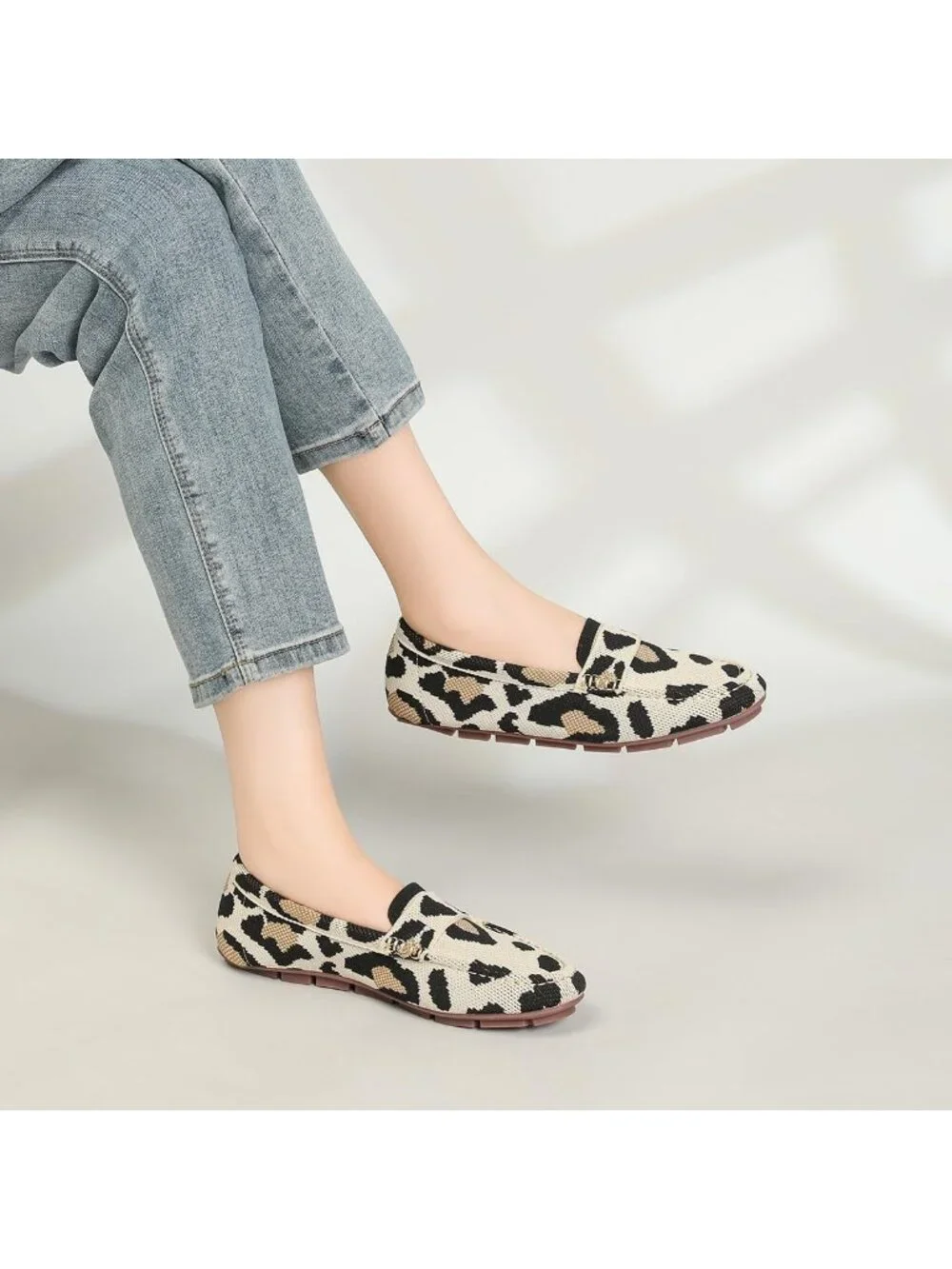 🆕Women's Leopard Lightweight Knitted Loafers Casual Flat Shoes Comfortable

--

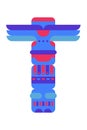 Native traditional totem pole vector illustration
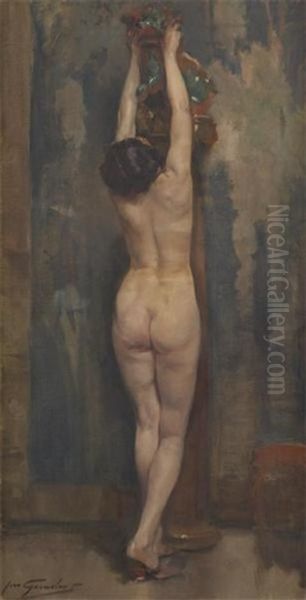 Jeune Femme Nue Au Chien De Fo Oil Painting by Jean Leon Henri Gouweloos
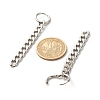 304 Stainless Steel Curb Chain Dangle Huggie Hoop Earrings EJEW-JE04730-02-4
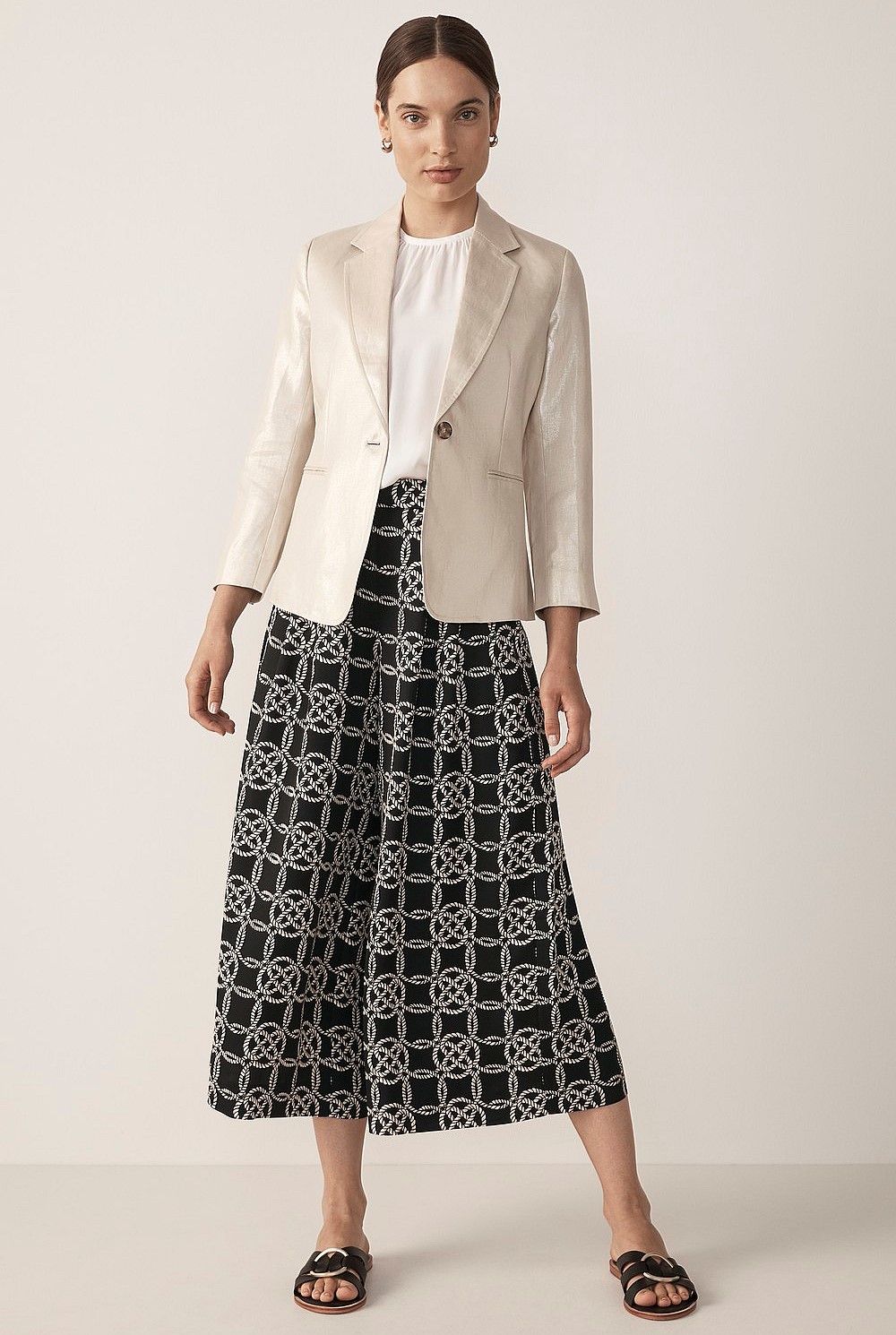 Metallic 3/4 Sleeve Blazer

#### [ASSIGNMENT]
In the entries above, find the line containing "304 Stainless Steel" and the line containing "Metallic 3/4 Sleeve Blazer"; give again exactly those two lines and every line between them, minus the pictures.

#### [EXPECTED ANSWER]
 304 Stainless Steel Curb Chain Dangle Huggie Hoop Earrings EJEW-JE04730-02-4
 Metallic 3/4 Sleeve Blazer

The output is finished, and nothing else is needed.